ELIZA would pick up on words and/or phrases in the prompts and queries fed into it and match them against a preprogrammed list. The list also featured scripted responses to go along with those words which became its output. 

Though unable to pass the Turing test and relying on scripted responses, Weizenbaum was surprised to notice that the effect of the chatbot was indeed very similar to that of a therapist—it was getting people to open up. 

PARRY

Like ELIZA, the next chatbot to be developed, PARRY, also had a purpose related to psychology. However, created by psychiatrist Kenneth Colby in 1972, PARRY responded in a manner that was the exact opposite of ELIZA—it emulated a patient of paranoid schizophrenia.  Coming six years after ELIZA, PARRY was also called ELIZA with attitude

Developed on Stanford University’s campus, PARRY functioned on a more complex program than ELIZA’s. In fact, it passed the Turing test when 48% of the psychiatrists asked to judge were unable to differentiate between the machine and the human responses.

In 1973, ELIZA and PARRY were connected to each other over ARPANET, and their conversation is a historic moment in the history of AI and chatbots.

Jabberwacky

The first chatbot to depend not on static databases, but instead on the “contextual pattern matching” technique was Jabberwacky, created by British programmer Rollo Carpenter in 1988. This means that Jabberwacky depended not only on the information that was fed into it by its programmer, but also picked up—learned— information, such as phrases and patterns of speaking, from its users. 

While it was learning, the primary goal of Jabberwacky was simply to provide conversation that was  natural and entertaining.
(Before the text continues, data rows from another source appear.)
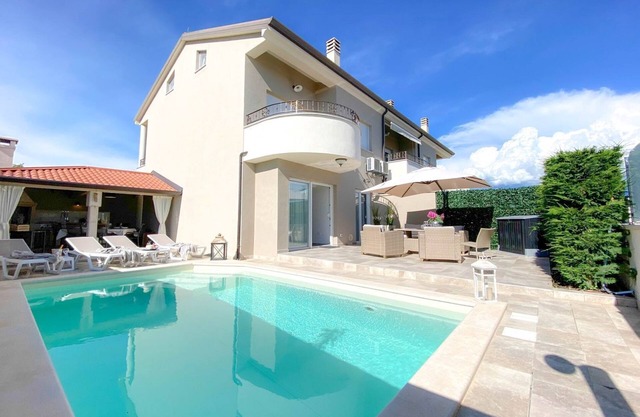 Fantastic casa with two barbecues, private pool, washing machine, tumble dryer
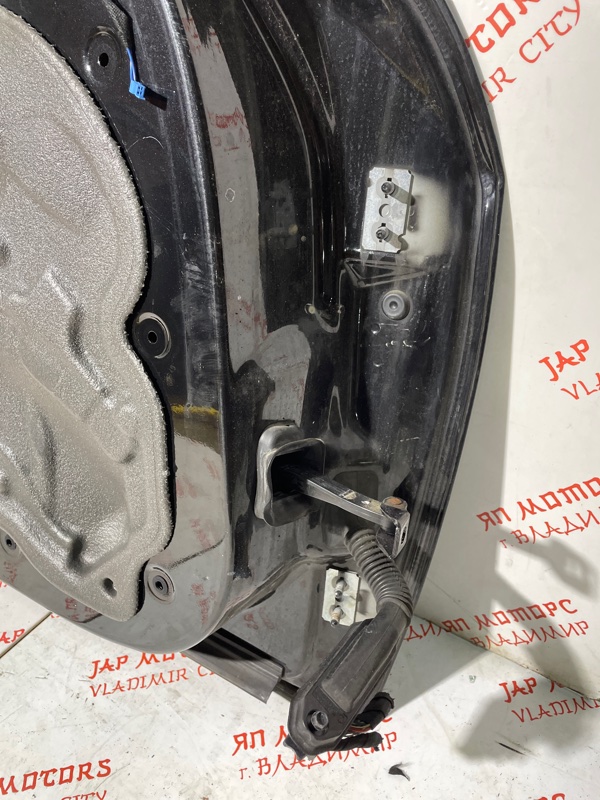 Дверь боковая, 23000 рублей, Владимир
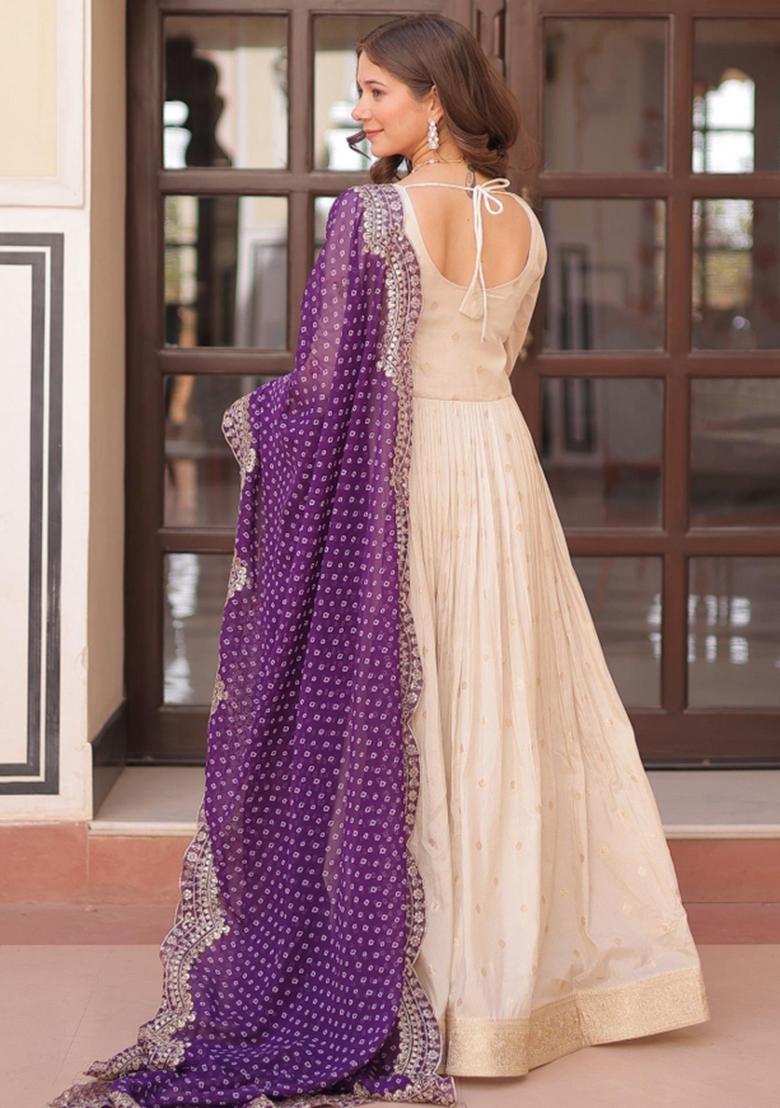 White Embroidered Silk Blend Kurta With Dupatta - Indya
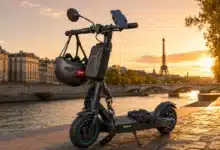 Trottinette électrique équipée d’un casque, de gants, d’un rétroviseur, d’un support téléphone, d’un antivol et d’une sacoche à Paris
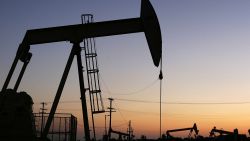 Los precios del petróleo sufrieron una caída por la crisis entre dos de las potencias petroleras de Oriente Medio: Arabia Saudita e Irán.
It did not serve as an assistant, just as an entertainer. 

ALICE

Created in 1995 by Richard Wallace, ALICE’s name is an acronym for Artificial Linguistic Internet Computer Entity. It is based on open source AIML (artificial intelligence markup language) and uses heuristic pattern matching to try to respond in a human-like manner to users. 

While influenced by ELIZA, ALICE was a much more advanced machine employing the initial versions of natural language processing (NLP) that is now a standard for developing AI. 

ALICE is a major milestone in the evolution of AI chatbots and was awarded the Loebner Prize three times. However, ALICE has repeatedly been unable to pass the Turing test. 

IBM's Watson participating in Jeopardy!

IBM’s Watson is a question-answering system that was entered into ‘Jeopardy!’ and won first place.
Image Credit: Atomic Taco / Wikimedia Commons (licensed under CC BY-SA 2.0)

Watson

Watson is IBM’s creation, and it is a question-answering system. It first came to public attention when the chatbot participated in the game show Jeopardy! in 2011 and won first place. Today, Watson is available for commercial use and has applications in various fields, ranging from healthcare to advertising. Watson’s code is also available for purchasers to use to develop their own chatbots.

Virtual Assistants

Apple’s Siri, Microsoft’s Cortana, Amazon’s Alexa, and the Google Assistant are now on everybody’s phones and computers. While everybody knows what a virtual assistant is, a lot of people forget that these too are chatbots. They are capable of interacting with users via both text and audio as well as performing a range of functions beyond just talking. Users can request them to make calls, send text messages, play a media file, or any of a range of activities that can be done over IoT (internet of things). 

ChatGPT

The close of 2022 saw the arrival of ChatGPT developed by OpenAI. It is the most advanced iteration, so far, of both AI and chatbots. Trained on a massive amount of data and capable of continuing to learn from users, ChatGPT’s language capabilities are a cause of excitement as well as concern: it is the closest approximation to human speech produced so far, but this allows it to fabricate “facts” convincingly.

As mentioned, the applications being found for ChatGPT are numerous and as varied as the imaginations of its users. So far invisible in the way they were embedded in the online world, chatbots are now receiving a great deal of attention and speculations about how they may hold an important position in the future.